İnsan sağlığı, çevre ve ekonomi ile doğrudan ilgili olan tarımsal üretim ve gıda üretimi, ülkelerin ve çeşitli uluslararası kuruluşların ana faaliyet alanları arasındadır. Tüm dünya, gıda güvencesi ve güvenliği alanında çeşitli stratejiler belirlerken yasal düzenlemeler ve politikalarını bu yönde düzenlenmektedir. Gıda güvenliği ve güvencesi, günümüzde yaşanan pek çok sorunun bir araya gelmesi sonucu tehdit altındadır. Küresel anlamda çeşitli işbirlikleriyle alınacak tedbirler ile önlem alınması zorunludur. Aksi takdirde, yakın gelecekte yeterli, sağlıklı ve güvenli gıdalara ulaşılması oldukça güçleşecek; çeşitli hastalıklar ve açlık olgusu hızla yayılacaktır. Hiçbir ülke insanlarını beslemek gibi yaşamsal bir konuyu, bir diğer ülkeye ihale etmemelidir. Her ülke halkını etkilendirmeden ülkesinin “Gıda Güvencesini ve Gıda Güvenliğini” sağlamalıdır. Tüm insanların her zaman sağlıklı bir yaşam sürmeleri için besleyici ve yeterli gıdaya erişebilmeleri için tarımda sürdürülebilirliğin sağlanması aynı zamanda beslenme ihtiyaçlarının adil paylaşımı gerekmektedir.

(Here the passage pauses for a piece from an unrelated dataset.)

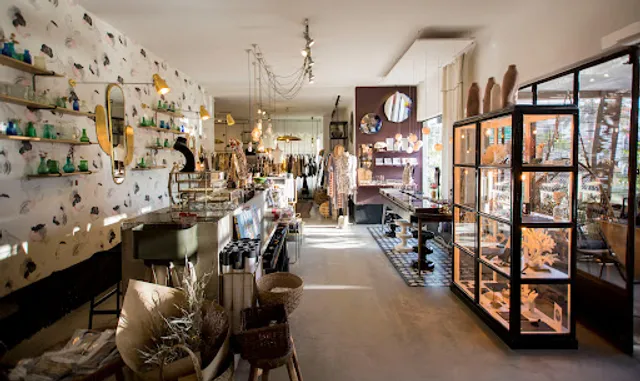 Comptoir 102 Concept Store & Healthy Cafe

KÜRESEL İKLİM DEĞİŞİKLİĞİ TEHDİDİ

2021’de etkisini giderek daha derinden hissettiğimiz küresel ısınma ve iklim değişikliğinin tek başına bir çevre sorunu olmadığı, tarımsal, ekonomik ve sosyal yaşam için küresel ölçekte en büyük tehdit olduğu anlaşıldı. Dünya Ekonomik Forumu tarafından 2022 yılı için yayınlanan Küresel Riskler raporunda; dünyada 10 yılda beklenen 10 riskin beşinin doğrudan veya dolaylı olarak küresel iklim değişikliğiyle ilgili olduğuna işaret ediliyor. Raporda; insanın çevreye verdiği zarar, aşırı hava olayları, doğal kaynak krizleri, biyoçeşitliliğin kaybolması ve iklim krizi yer alıyor. Dünya tarihinde son yedi yıl en sıcak yıllar oldu. 2021’de en sıcak beşinci yıl olarak kayıtlara geçti. 2010 yılında 556 olağanüstü hava olayı gerçekleşti. 2021 yılında ise bu sayı 985’e yükseldi. İklim değişikliğinin etkilerinin azaltılması ve üretim sistemlerin iklim risklerine uyumlu hale getirilmesi, ekosistemin korunması, sürdürülebilir tarım ve gıda güvenliği açısından önem arz etmektedir.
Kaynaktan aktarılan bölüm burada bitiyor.